I am tackling a multi-class classification problem. I have 8 classes (tissue types - Class A to H in the plot shown) for classification. I subjected my labelled input data to PCA using gene expression values across the different labelled samples. I calculated the mean of the first four principal components for each tissue type and then i found the euclidean distance of each labelled sample from its respective class (tissue type) mean. Samples that were more than 3 standard deviations away from the class mean were labelled as suspected mislabelled (outliers). I then removed these outliers and repeated my PCA without the outliers from the first trial. As expected the number of outliers reduced after every subsequent PCA. I am attaching the image of a pca plot I got after removing one set of outliers here below:
But my questions are as follows:
- How do I know when to stop? How can I use my PCA to tell that the input data I have is grouped well for training an ML Model for classification?
- Given that each round of PCA coupled with subsequent outlier removal is bound to reduce the number of data instances I have, how to balance the data points and their grouping?
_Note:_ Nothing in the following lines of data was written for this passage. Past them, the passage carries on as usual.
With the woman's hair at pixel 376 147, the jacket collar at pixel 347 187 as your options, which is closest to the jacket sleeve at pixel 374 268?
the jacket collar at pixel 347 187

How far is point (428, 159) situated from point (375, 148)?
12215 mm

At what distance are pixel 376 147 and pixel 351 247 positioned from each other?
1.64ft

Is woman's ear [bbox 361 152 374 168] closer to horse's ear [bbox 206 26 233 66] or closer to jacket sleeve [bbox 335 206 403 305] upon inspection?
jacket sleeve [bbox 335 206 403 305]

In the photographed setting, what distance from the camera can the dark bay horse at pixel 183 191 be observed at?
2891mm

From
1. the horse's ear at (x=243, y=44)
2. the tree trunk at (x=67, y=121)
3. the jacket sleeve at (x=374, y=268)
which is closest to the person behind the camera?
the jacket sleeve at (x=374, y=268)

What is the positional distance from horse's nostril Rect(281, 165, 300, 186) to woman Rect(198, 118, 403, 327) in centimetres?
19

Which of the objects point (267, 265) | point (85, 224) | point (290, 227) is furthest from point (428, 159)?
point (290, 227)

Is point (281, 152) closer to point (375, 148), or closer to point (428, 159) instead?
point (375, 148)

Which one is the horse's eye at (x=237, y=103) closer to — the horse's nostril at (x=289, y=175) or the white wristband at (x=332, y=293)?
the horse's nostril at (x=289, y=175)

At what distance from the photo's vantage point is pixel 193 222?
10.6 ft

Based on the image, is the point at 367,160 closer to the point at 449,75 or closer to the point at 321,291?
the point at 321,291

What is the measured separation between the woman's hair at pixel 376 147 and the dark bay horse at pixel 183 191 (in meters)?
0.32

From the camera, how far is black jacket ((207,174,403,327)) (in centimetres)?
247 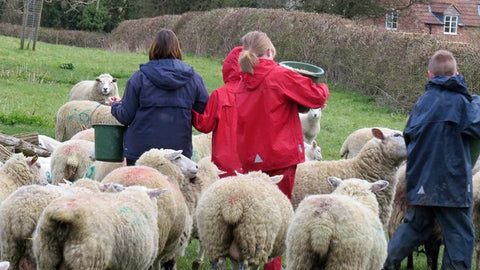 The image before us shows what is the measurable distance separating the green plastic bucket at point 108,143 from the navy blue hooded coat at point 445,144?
9.23ft

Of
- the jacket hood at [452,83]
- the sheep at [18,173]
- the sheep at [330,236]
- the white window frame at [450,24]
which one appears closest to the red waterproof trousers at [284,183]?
the sheep at [330,236]

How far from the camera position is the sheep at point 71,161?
952 centimetres

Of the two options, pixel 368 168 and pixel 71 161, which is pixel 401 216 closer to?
pixel 368 168

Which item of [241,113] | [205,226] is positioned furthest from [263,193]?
[241,113]

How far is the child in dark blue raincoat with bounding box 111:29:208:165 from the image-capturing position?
7480 mm

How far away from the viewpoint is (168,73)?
7.44 metres

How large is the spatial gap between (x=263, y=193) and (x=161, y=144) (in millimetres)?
1440

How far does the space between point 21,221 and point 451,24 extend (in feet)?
166

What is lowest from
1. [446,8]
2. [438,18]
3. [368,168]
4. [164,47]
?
[368,168]

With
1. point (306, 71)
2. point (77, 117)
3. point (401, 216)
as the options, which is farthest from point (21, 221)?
point (77, 117)

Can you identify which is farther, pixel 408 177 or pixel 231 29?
pixel 231 29

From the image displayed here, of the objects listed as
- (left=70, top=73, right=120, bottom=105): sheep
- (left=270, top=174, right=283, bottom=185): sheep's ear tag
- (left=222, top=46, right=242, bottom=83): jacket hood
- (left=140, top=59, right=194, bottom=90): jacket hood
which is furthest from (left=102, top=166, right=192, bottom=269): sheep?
(left=70, top=73, right=120, bottom=105): sheep

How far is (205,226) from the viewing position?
21.3 feet

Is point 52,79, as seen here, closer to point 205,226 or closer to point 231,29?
point 231,29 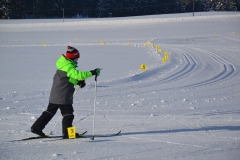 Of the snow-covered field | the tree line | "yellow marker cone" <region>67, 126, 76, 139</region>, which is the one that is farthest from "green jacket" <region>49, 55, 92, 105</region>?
the tree line

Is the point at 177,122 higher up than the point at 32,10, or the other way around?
the point at 32,10

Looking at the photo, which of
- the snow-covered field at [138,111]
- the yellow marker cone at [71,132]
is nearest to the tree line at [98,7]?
the snow-covered field at [138,111]

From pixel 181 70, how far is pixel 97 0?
56.1 meters

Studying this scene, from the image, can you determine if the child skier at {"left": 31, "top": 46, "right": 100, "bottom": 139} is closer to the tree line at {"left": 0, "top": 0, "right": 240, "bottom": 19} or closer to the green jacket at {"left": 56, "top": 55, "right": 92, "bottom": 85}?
the green jacket at {"left": 56, "top": 55, "right": 92, "bottom": 85}

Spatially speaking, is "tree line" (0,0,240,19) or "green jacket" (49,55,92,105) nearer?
→ "green jacket" (49,55,92,105)

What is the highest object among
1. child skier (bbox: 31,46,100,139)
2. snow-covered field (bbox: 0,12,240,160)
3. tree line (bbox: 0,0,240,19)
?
tree line (bbox: 0,0,240,19)

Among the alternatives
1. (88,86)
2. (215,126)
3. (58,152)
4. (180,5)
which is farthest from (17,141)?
(180,5)

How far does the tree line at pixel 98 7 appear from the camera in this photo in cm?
6256

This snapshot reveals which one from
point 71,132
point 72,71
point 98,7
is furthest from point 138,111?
point 98,7

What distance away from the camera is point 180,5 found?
7331 cm

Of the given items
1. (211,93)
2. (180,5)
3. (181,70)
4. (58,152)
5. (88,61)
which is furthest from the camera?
(180,5)

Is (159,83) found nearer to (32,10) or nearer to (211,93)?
(211,93)

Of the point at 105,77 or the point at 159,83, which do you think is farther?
the point at 105,77

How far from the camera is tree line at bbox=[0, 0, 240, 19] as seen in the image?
6256 cm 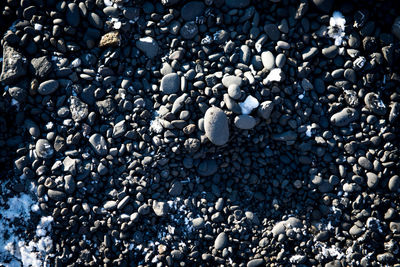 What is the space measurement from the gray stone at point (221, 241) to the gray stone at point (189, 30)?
1.79 meters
- Is there a way to quantitatively determine that I have enough number of well grouped samples for the training?
Any help is appreciated. Thank you!
I would tell you to stop with this altogether, or at most after a single iteration. There is no point in trying to get the perfect data for training when it is very likely that the model will be used to classify imperfect data. Also, using 2 PC components that explain barely over 30% of variance combined doesn't strike me as the best criterion to decide what is an outlier.
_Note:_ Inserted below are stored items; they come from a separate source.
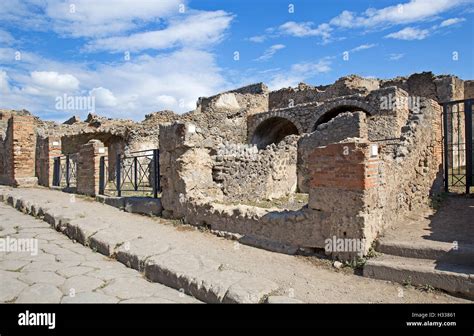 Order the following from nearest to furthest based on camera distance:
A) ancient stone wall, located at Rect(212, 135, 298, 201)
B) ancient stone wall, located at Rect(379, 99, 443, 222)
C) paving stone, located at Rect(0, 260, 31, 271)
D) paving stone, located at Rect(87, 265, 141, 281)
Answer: paving stone, located at Rect(87, 265, 141, 281)
paving stone, located at Rect(0, 260, 31, 271)
ancient stone wall, located at Rect(379, 99, 443, 222)
ancient stone wall, located at Rect(212, 135, 298, 201)

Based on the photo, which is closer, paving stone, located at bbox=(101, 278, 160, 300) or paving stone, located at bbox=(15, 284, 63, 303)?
paving stone, located at bbox=(15, 284, 63, 303)

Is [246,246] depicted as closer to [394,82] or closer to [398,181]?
[398,181]

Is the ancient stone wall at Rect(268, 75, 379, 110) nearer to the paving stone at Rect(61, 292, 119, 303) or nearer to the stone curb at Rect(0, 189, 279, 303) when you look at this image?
the stone curb at Rect(0, 189, 279, 303)

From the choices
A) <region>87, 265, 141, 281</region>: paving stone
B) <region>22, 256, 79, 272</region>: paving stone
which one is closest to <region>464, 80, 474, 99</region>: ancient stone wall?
<region>87, 265, 141, 281</region>: paving stone

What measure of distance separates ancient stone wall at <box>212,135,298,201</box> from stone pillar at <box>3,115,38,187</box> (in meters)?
8.28

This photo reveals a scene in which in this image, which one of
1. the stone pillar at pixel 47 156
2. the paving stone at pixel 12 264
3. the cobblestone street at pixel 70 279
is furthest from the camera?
the stone pillar at pixel 47 156

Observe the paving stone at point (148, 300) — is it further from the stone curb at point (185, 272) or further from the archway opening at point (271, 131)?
the archway opening at point (271, 131)

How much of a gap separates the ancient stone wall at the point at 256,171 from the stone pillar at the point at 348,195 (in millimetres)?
3178

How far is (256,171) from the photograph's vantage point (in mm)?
8898

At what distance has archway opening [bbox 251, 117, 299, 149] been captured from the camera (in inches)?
812

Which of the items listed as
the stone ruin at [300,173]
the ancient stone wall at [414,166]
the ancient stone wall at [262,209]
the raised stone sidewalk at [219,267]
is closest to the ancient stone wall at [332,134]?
the stone ruin at [300,173]

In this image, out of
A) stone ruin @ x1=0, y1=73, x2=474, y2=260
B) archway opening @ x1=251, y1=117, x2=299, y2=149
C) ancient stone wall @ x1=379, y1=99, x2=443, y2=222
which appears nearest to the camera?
stone ruin @ x1=0, y1=73, x2=474, y2=260

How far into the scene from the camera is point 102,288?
3.21 m

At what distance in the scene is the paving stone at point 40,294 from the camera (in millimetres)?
2862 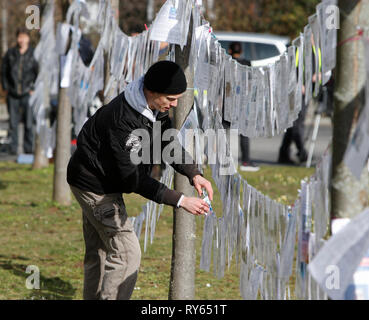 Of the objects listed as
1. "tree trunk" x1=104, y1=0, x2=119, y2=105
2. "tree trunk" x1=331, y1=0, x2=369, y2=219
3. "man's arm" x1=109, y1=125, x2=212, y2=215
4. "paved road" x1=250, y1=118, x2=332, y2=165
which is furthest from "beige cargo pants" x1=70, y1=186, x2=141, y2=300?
"paved road" x1=250, y1=118, x2=332, y2=165

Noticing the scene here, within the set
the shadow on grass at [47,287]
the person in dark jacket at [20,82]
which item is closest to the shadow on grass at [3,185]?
the person in dark jacket at [20,82]

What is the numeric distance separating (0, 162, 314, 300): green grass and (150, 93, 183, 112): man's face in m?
0.78

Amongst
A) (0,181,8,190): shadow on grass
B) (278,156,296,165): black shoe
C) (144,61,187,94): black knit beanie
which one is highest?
(278,156,296,165): black shoe

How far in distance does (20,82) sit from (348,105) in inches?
448

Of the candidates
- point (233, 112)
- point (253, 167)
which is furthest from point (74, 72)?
point (253, 167)

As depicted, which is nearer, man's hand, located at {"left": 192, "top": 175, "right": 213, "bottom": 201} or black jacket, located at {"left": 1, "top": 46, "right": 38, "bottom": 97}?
man's hand, located at {"left": 192, "top": 175, "right": 213, "bottom": 201}

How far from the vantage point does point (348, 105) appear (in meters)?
2.81

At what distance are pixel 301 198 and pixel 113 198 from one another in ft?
4.58

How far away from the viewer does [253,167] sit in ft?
39.4

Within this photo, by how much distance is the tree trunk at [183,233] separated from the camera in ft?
15.8

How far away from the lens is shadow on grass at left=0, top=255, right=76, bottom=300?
17.7 feet

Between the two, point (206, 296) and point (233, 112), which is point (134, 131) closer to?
point (233, 112)
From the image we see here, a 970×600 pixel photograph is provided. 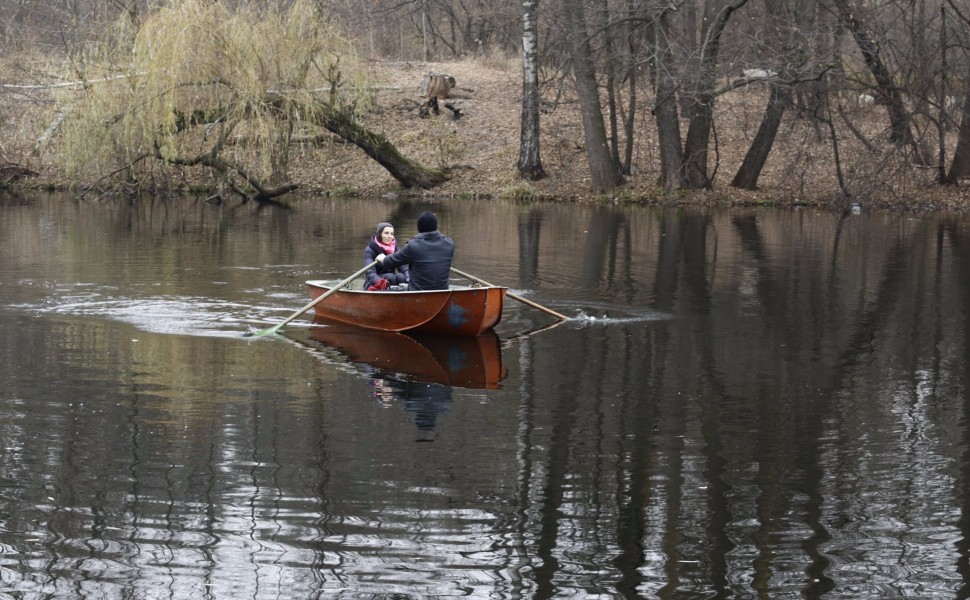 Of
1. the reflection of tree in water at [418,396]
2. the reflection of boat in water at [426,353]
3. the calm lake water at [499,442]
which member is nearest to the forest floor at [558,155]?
the calm lake water at [499,442]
Sample A is well-separated. We have no labels here for 'condition' / 'disease'.
<30% explained variance can explain 100% of a subtype of a disease. Let's not throw away the towel.
I think we are talking about different things. What I said:
I see your point of view - thanks for clarifying.
Hi Mensur. Thank you for your inputs. I think I understand your point about flagging outliers based on the first two PCs that cover for only 30% of the variance, which could mean that they might not be outliers at all when further PCs are considered. Is that right? Would it help if I find the mean for each tissue type across more PCs (say PC1 to PC10) and use that to calculate the standard deviation and flag outliers?